Но даже если Бога не было или он был просто глух ко всем просьбам о помощи, Делани всё же хотел бы, чтобы он поговорил с его дочерью Грейс. И заставил её вернуться. Вернись и возьми своего сына, Грейс. Не передавай мне чашу сию. Приди и забери его, и я отдам тебе пять тысяч долларов, что дал мне Эдди Корсо. Дал не как взятку, а чтобы я дал тебе возможность начать новую жизнь в Нью-Йорке с твоим сыном. С мужем, сукин он сын, или без него. Ты сможешь собрать осколки своей жизни, ты сможешь натянуть холст, смешать краски и созидать. Ты сможешь вновь стать той, которой начала становиться, когда тебе было шестнадцать и семнадцать и весь мир был у твоих ног. Будь ты проклята, Грейс. А потом он снова боролся с подступившей горечью, пытаясь загнать её в клетку, а затем придавить. Он обратился сам к себе вслух: «Остановись, прекрати нести эту самодовольную чушь». И вспомнил Грейс, какой она была в три года – в возрасте малыша. И снова обратился к себе. «Ты ведь применял к ней свои мерки. Ты нарушил баланс. Ты пошёл на эту проклятую войну, хотя не должен был этого делать. Ты мог бы избежать призыва и в 1917-м, честно заявив о том, что у тебя двое иждивенцев. Но ты не сопротивлялся, когда тебя призвали. Ты пошёл на войну, и тебя не было дома больше двух лет. Когда ты вернулся, ты оказался настолько бесчувственным и озабоченным, как бы наверстать упущенное время и деньги, что у тебя не осталось времени на эту маленькую девочку. Ты был с ней и не с ней. Она научилась жить без тебя. Ты был ей нужен потому что… потому что её маму унесло в холодное оцепенелое одиночество, сменившее былую ярость. Или потому что всем маленьким девочкам нужен отец. Или потому… Но ты же не знаешь точно, почему именно? Тебя же там не было. Ты был нужен Грейс, и ты ушёл на войну. Ты поклялся не приносить вреда, но не остановился, продолжил – и принёс его». – Остановись.
В его памяти всплыл малыш – его яркие умные карие глаза и то, как удивился он миру, покрытому снегом. Он может пробыть здесь три недели, а может и двадцать лет. Ему не дано узнать, сколько именно. Грейс отсутствовала, странствуя по опасному миру. По океанам, где водятся драконы. А мальчик был здесь. И мальчик был жив. Он был конкретным, а не абстрактным. Он спал наверху, пока на город лился очищающий дождь. Я могу сделать для него то, чего не сделал для Грейс. Я могу взять его за руку. Я могу любить его…

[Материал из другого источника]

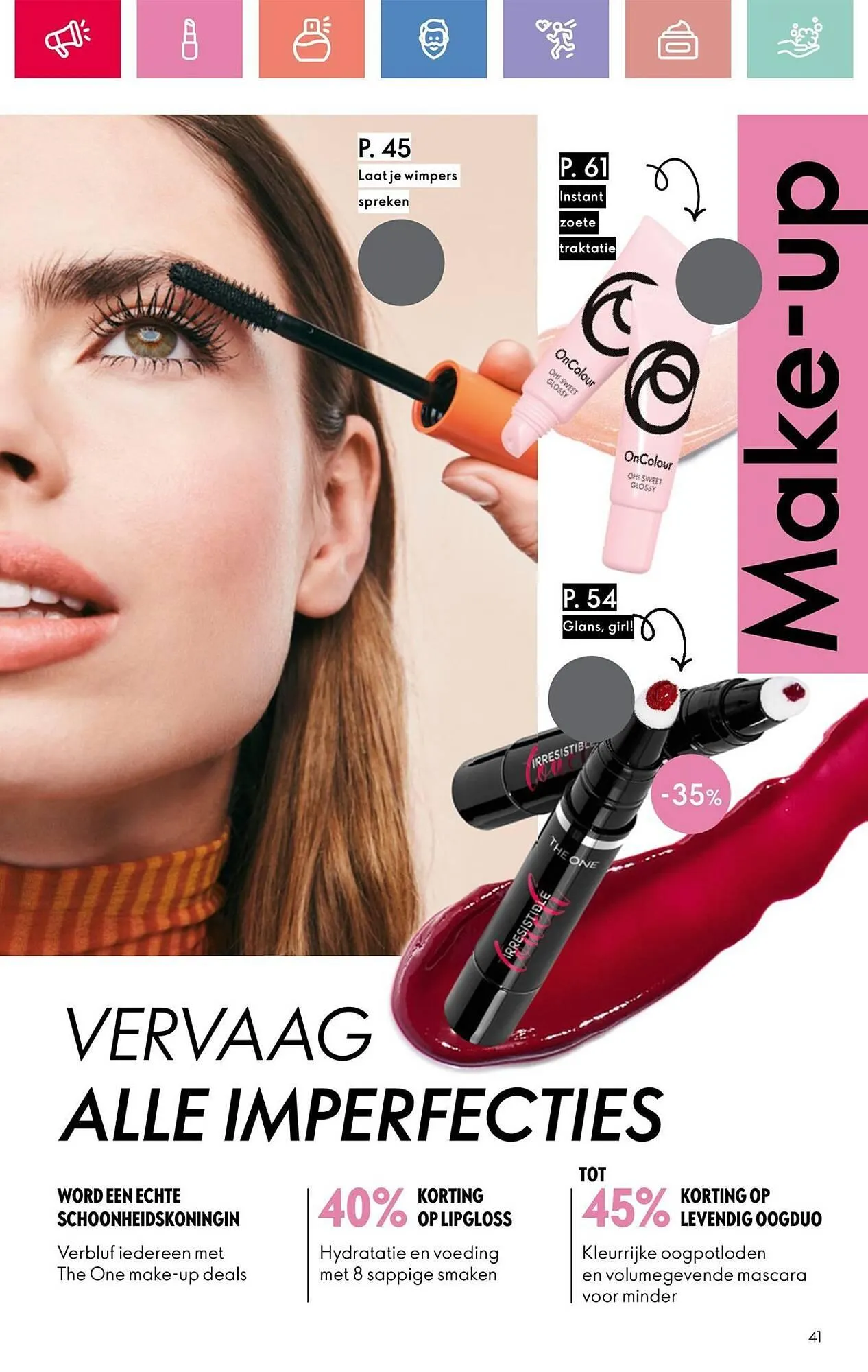 Oriflame folder van 20 april tot 26 april 2025 - Folder pagina 41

Вскоре Делани заснул. Ему снился сон, почти такой же знакомый, как старый сон о снеге. Он находился в длинном сером бетонном коридоре, пытаясь найти из него выход. Вокруг него лежали умирающие, контуженные, раненые – корчились, стонали, переполненные болью. У солдат на головах были жестяные кастрюли, а из глазниц текла кровь. Парни из трущоб – из Бруклина и Бронкса, из «Адской Кухни» – подпирали собой стену, взрываясь фонтанами жёлтой слизи. Старухи натягивали платья на сморщенные телеса. Здесь были женщины, избитые и изрезанные, сходящие с ума от болезней. Пол был скользким от крови, дерьма и мочи. Кто-то кричал, прося морфия. Многие тянули к нему руки, моля о том, чтобы до них дотронулись, вылечили их, но он избегал их.
Потом он проснулся, сердце его бешено колотилось.
На часах было три пятнадцать. Сквозь шум дождя он услышал рёв автомобильных моторов. Снег уже наверняка сошёл.
А затем он услышал музыку.
Рояль.
Брамс.
Он отбросил одеяла и ринулся, в чём был, в промёрзлую комнату. Музыка смолкла. Это была мелодия, которую она играла в тот летний вечер, прежде чем уйти на прогулку к Норт-Ривер и больше не вернуться.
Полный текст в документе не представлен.